%%
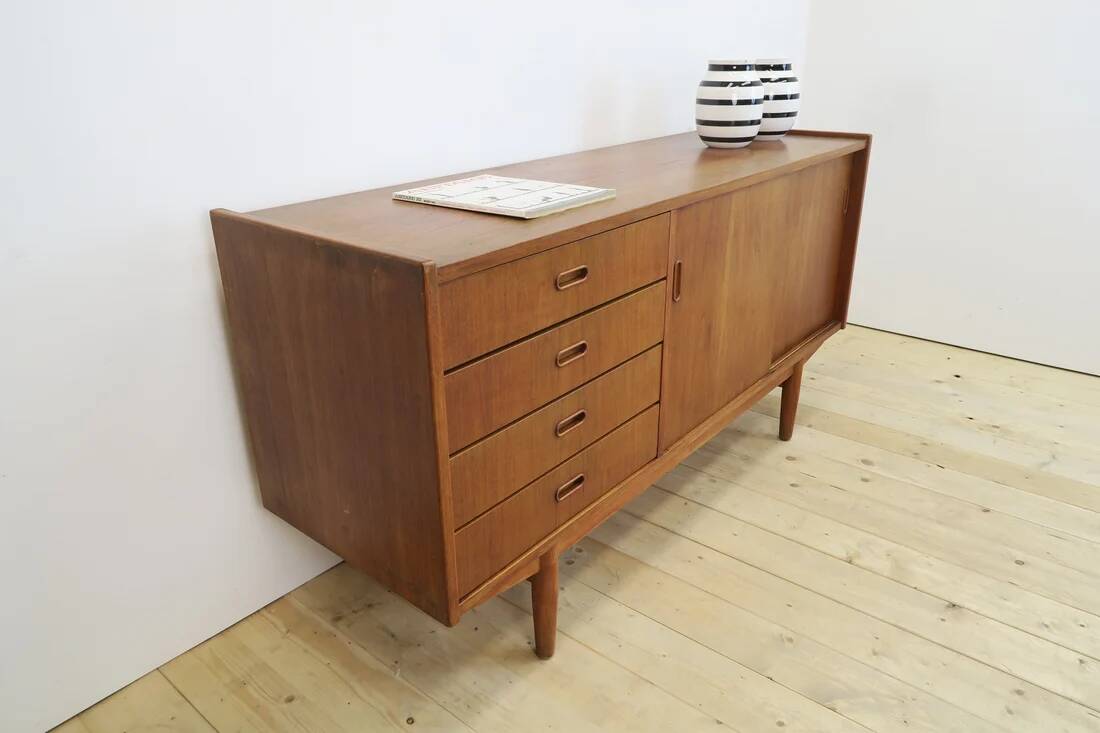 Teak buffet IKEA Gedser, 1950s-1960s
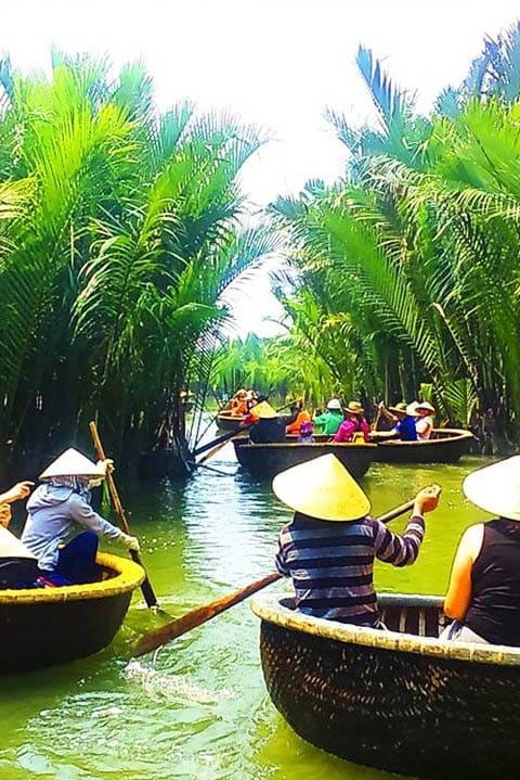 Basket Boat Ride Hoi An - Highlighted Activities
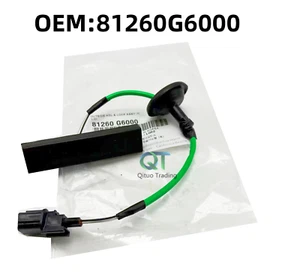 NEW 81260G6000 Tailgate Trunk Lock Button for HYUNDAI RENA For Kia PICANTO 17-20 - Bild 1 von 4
%%
__Problem requirements__.
Retype the listing above exactly, please. Pictures do not belong in the copy.

__Solution to the exercise__.
 Teak buffet IKEA Gedser, 1950s-1960s
 Basket Boat Ride Hoi An - Highlighted Activities
 NEW 81260G6000 Tailgate Trunk Lock Button for HYUNDAI RENA For Kia PICANTO 17-20 - Bild 1 von 4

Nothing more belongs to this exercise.